If Russian obtained Ukraine and they're a third world military power...they're not gonna further expand out and take on the west. I don't buy for a minute that they're a threat to Europe or the west if Ukraine fell.
My position isn't to leave Ukraine on its own, its actually to directly threaten Russia and make them bend the knee and end this. I want peace TODAY. I don't want to use this proxy war as a means to hurt Russia to the point where they can't be a threat to the west...because they're not actually a threat to the west.
My plan saves money, time and lives.
Making people think that after Ukraine the next stop for Russian troops is to water their horses in the Seine river is what Washington-Brussels propaganda is all about. Its what you have to do to get the general American and European publics on board for a expanded war (possibly nuclear).

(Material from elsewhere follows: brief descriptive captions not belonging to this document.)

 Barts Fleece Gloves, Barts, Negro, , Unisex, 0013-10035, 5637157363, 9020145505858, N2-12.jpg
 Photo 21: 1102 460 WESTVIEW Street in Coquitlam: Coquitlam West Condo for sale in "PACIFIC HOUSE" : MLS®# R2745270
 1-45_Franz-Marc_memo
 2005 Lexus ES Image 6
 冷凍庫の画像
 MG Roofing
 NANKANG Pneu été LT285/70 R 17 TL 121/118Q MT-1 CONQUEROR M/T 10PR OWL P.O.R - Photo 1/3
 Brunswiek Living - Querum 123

Obviously as we can see on this thread...that kind of propaganda works.
Now you are certainly right that the only moral position in this war for the West is to push for a peace deal...or just straight up military intervene with ground troops and push Russia out.

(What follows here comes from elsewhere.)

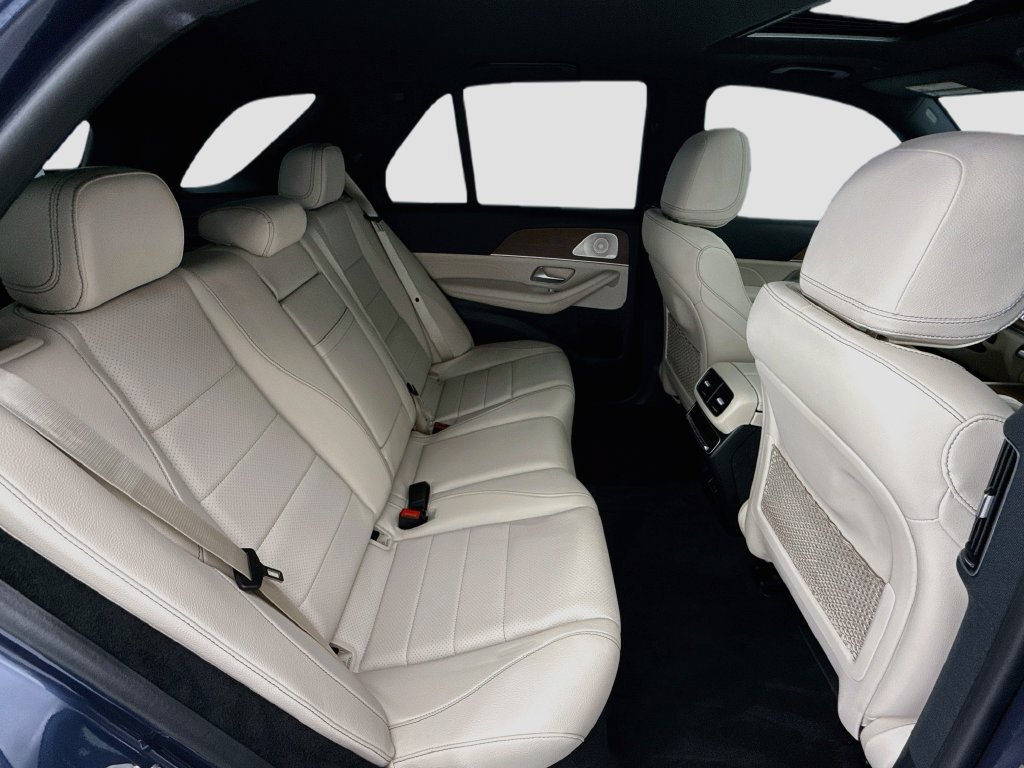 Certified 2024 Mercedes-Benz GLE 350 4MATIC image 21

Turning the Ukraine into a Syrian civil war type place is horribly wicked. That war has gone on for 10 years and completely destroyed Syria.

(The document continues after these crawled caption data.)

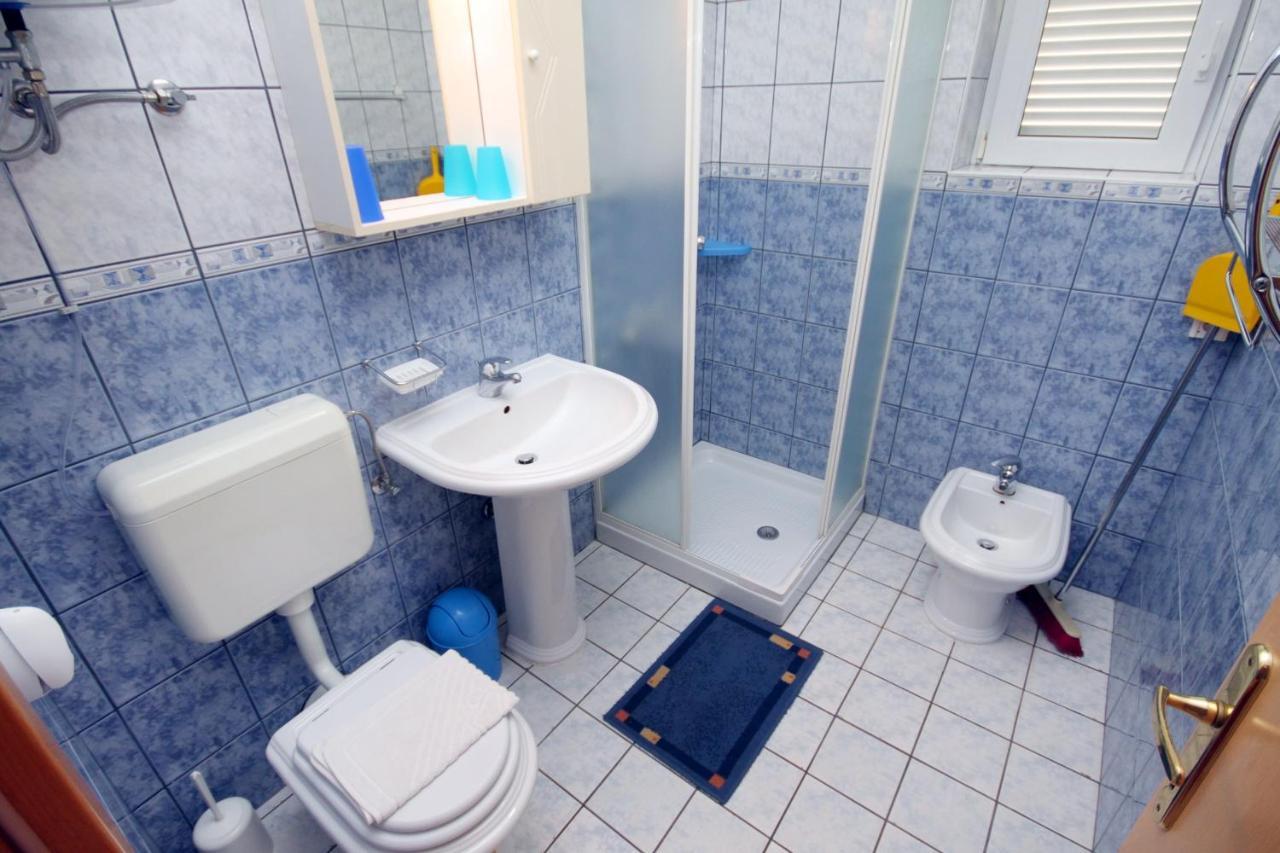 Apartments With A Swimming Pool Jadranovo, Crikvenica - 3238 Zewnętrze zdjęcie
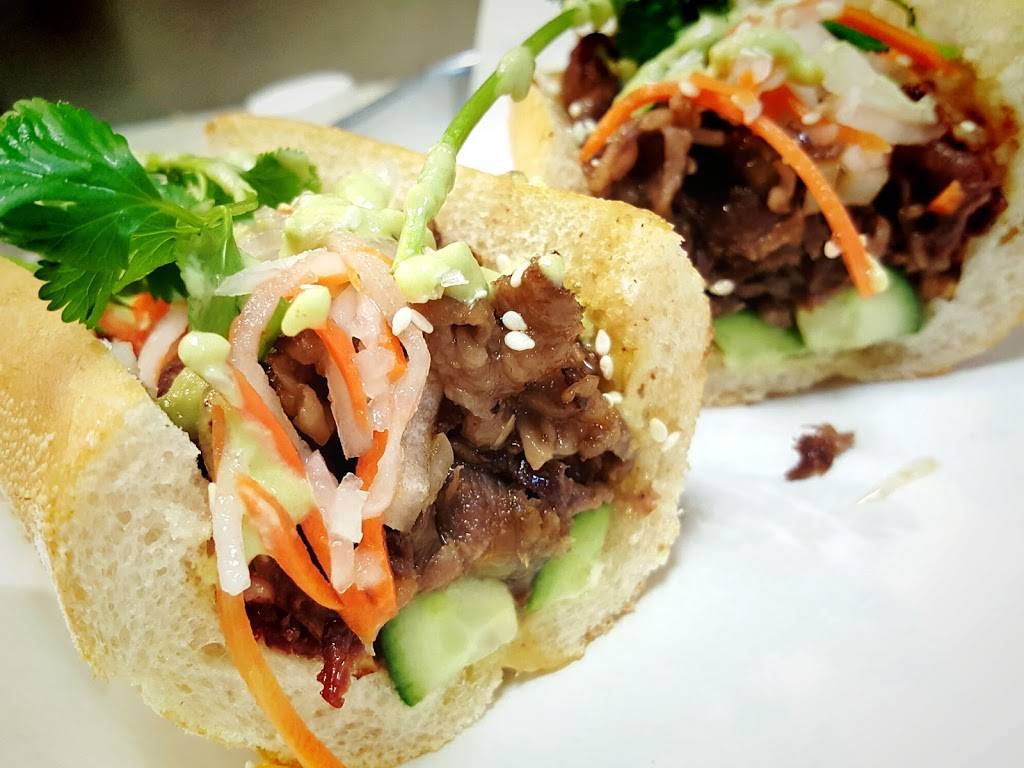 Nguyens Kitchen | restaurant | 445 S Main St B, Orange, CA 92868, USA | 7147715410 OR +1 714-771-5410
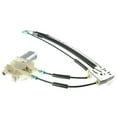 thumbnail image 3 of Power Window Regulator w/ Motor For BMW 528i BMW 540i 528i 540i E39 Rear Left, 3 of 9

Doing that to the people of Ukraine is monstrous.
https://en.wikipedia.org/wiki/Syrian_civil_war
Not a single post on this thread has argued that Russian victory in Ukraine this year will lead to invasion of Nato next year. I in particular have noted that Ukrainian battlefield successes thus far has already made such unlikely for possibly a decade. That in no way means we should not continue to give the Ukrainians the means to continue chewing up the Russian Army. Indeed, it proves the point. The purpose of helping Ukraine shatter the Russian Army pushes the threat to Nato ever further out into the future. That Russia is too weak to run thru to Paris like the US Army ran thru to Baghdad is not at all the point. Russia is going to lose the war in Ukraine. Look what victory has cost Ukraine! The lesson is deterrence. You owe your citizens a solemn duty to maintain deterrence, to make sure your enemies do not miscalculate and start a war they don't realize they can't win, because the cost of defeating them is far more dear than the cost of maintaining sufficient deterrence to keep them from invading at all. And, of course, the critics of US Ukraine policy would have us end support and effectively cede Ukraine to the Russian orbit almost immediately. That would actually reward Russia with substantial new resources. It would grow the Russian population by over a third. It would facilitate quicker Russian rearmament.
The easiest way to grow your economy is to invade and take over another country's economy....... With exception of China, Ukraine is the wealthiest nation on Russian borders.
the Syrian Civil War is not an analog for Ukraine. Yes, it is contiguous to Nato, but no, Syria was not a threat to Turkey prior to the civil war, and it will not be a threat after the war. Further, Russia has a naval base at Tartus with deployed Air Force units as well as Special Forces units, but Russia has not invaded the country to seize it or even effect regime change. In fact, NO ONE has invaded the country for that purpose. Foreign powers involved have mostly backed proxies. The primary issue in Syria was about a potential gas pipeline from Persian Gulf to Europe. Russia effectively stopped that, for now, and protected a client regime. Our involvement was initially to support the objectives of Persian Gulf allies (regime change), and later was limited to counter-terrorism operations.